Encouraging results were observed for all the studied cases, for the calculated Greenhouse Gas (GHG) emission savings were always >65%, as required by REDII for biofuels to be quantified for national renewable energy objectives. In particular, the study estimated 89% and 85% savings respectively for UCO and Tallow.

Camelina cases using biochar, compost and combi[1] as soil amendments for cultivationperformed even better, providing savings in the range of 107% – 128%. These were largely contributed by Esca and by the adoption of the degraded land bonus (eB), also indicated in REDII methodology. When the Esca and the eB contributions are not taken into consideration, the camelina cases -based on the experimental data obtained from BIO4A field trials in Spain and Italy- provide GHG emission savings ranging from 65% to 74%, depending on the country and cultivation scenario.

As for the social life cycle assessment, the impacts have been classified into different categories involving stakeholders (workers, the local community, value chain actors, consumers and society), which are affected by the value chain.  Linked to the stakeholder categories, are the impact subcategories that compromise socially significant themes or attributes such as health and safety, forced labour, equal opportunities, freedom of association, community engagement, employment, land rights, child labour or conflict zones, among others. These subcategories have been assessed by the use of impact indicators, of which inventory indicators link directly with the inventory of the product life cycle. Several indicators may be used to asses each of the subcategories. Of the 15 indicators analysed, in general terms, for all the partners and their respective indicators, the results were medium, low, and very low risk.

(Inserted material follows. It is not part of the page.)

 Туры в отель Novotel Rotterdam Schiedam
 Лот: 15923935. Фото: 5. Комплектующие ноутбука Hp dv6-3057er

In summary, we can conclude that the Bio4A value chain and particularly, camelina as feedstock, cultivated with biochar, compost and combi as soil amendments, can be an excellent option providing a synergic positive effect by contributing to decarbonising the aviation sector and reverting soil degradation. In addition, the benefits that can be generated throughout the value chain can positively impact society, with the generation of jobs, growth of rural communities, and the environment of ecosystems, among others.

This work and the research leading to these results were undertaken as part of the project BIO4A – Advanced Sustainable Biofuels For Aviation. This project has received funding from the European Union’s Horizon 2020 Research and Innovation Programme under grant agreement No. 789562.

The content of this document is based on original work published by BIO4A partners RE-CORD, ENI, SkyNRG, CENER, Camelina Company España, JRC and ETA-Florence in the respective project deliverables.

[1] Combination of 15% biochar and compost.